NVIDIA Fermi: Architecture discussion

nAo · Oct 1, 2009

MfA said:
L2 is coherent with itself, there is a single L2 for each memory bus ... there can only ever be one copy.

That's not a cache coherency scheme, that is simply caching.

I've just finished to read RWT's preview. I previously thought that they got fully coherent L1 caches per SM. Wishful thinking..

trinibwoy · Oct 1, 2009

Rys said:
More precision in an FMA at the MUL stage.

Can higher precision cause rendering errors?

MfA · Oct 1, 2009

nAo said:
I've just finished to read RWT's preview. I previously thought that they got fully coherent L1 caches per SM. Wishful thinking..

What would it really get you any way, finegrained communication should be done with messages, coarse grained communication can be done through L2 (latency is not an issue for coarse grained communication, and it has plenty of bandwidth).
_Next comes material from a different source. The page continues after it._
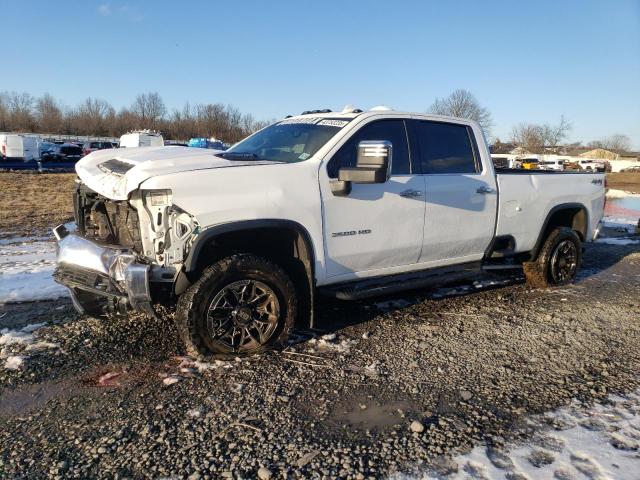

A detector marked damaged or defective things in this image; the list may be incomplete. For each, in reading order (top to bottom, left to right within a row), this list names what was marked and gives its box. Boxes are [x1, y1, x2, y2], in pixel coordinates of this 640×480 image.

crumpled hood [74, 146, 278, 199]
damaged front end [56, 182, 199, 316]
Complete coherency is a waste of transistors

babcat · Oct 1, 2009

Has NVIDIA posted any information on GRAPHICS related improvements?

digitalwanderer · Oct 1, 2009

Arty · Oct 1, 2009

In layman terms;

R600 - 320SP - 720 million - 2.25 MT per SP (Added D3D10)
RV670 - 320SP - 666 million - 2.08 MT per SP (Added D3D10.1 & lowered memory bus width)
RV770 - 800SP - 956 million - 1.19 MT per SP
Cypress - 1600SP - 2.15 billion - 1.34 MT per SP (Added D3D11)

G80 - 128SP - 686 million - 5.36 MT per SP (Added D3D10)
G200 - 240SP - 1.4 billion - 5.83 MT per SP (Added CUDA)
Fermi - 512SP - 3 billion - 5.85 MT per SP (Added more CUDA + D3D11 & lowered memory bus width)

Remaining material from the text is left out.